[DATA TO PROCESS — start]

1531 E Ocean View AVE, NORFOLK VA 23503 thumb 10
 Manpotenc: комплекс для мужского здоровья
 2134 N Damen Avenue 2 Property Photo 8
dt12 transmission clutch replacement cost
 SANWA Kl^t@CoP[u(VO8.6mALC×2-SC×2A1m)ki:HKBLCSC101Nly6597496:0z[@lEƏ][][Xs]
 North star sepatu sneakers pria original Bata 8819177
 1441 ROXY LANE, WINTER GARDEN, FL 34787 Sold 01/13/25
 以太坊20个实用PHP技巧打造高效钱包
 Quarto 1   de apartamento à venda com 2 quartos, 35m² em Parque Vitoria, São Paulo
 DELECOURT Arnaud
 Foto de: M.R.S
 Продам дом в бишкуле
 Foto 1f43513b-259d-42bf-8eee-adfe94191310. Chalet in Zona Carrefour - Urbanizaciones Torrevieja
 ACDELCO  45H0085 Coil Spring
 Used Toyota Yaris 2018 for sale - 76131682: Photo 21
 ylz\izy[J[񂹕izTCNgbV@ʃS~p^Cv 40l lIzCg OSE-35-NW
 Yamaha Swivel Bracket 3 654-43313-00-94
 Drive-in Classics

[DATA TO PROCESS — finish]

YOUR INSTRUCTIONS. Nothing may be omitted; retype every record exactly.

ANSWER TO THE PROBLEM.
1531 E Ocean View AVE, NORFOLK VA 23503 thumb 10
 Manpotenc: комплекс для мужского здоровья
 2134 N Damen Avenue 2 Property Photo 8
dt12 transmission clutch replacement cost
 SANWA Kl^t@CoP[u(VO8.6mALC×2-SC×2A1m)ki:HKBLCSC101Nly6597496:0z[@lEƏ][][Xs]
 North star sepatu sneakers pria original Bata 8819177
 1441 ROXY LANE, WINTER GARDEN, FL 34787 Sold 01/13/25
 以太坊20个实用PHP技巧打造高效钱包
 Quarto 1   de apartamento à venda com 2 quartos, 35m² em Parque Vitoria, São Paulo
 DELECOURT Arnaud
 Foto de: M.R.S
 Продам дом в бишкуле
 Foto 1f43513b-259d-42bf-8eee-adfe94191310. Chalet in Zona Carrefour - Urbanizaciones Torrevieja
 ACDELCO  45H0085 Coil Spring
 Used Toyota Yaris 2018 for sale - 76131682: Photo 21
 ylz\izy[J[񂹕izTCNgbV@ʃS~p^Cv 40l lIzCg OSE-35-NW
 Yamaha Swivel Bracket 3 654-43313-00-94
 Drive-in Classics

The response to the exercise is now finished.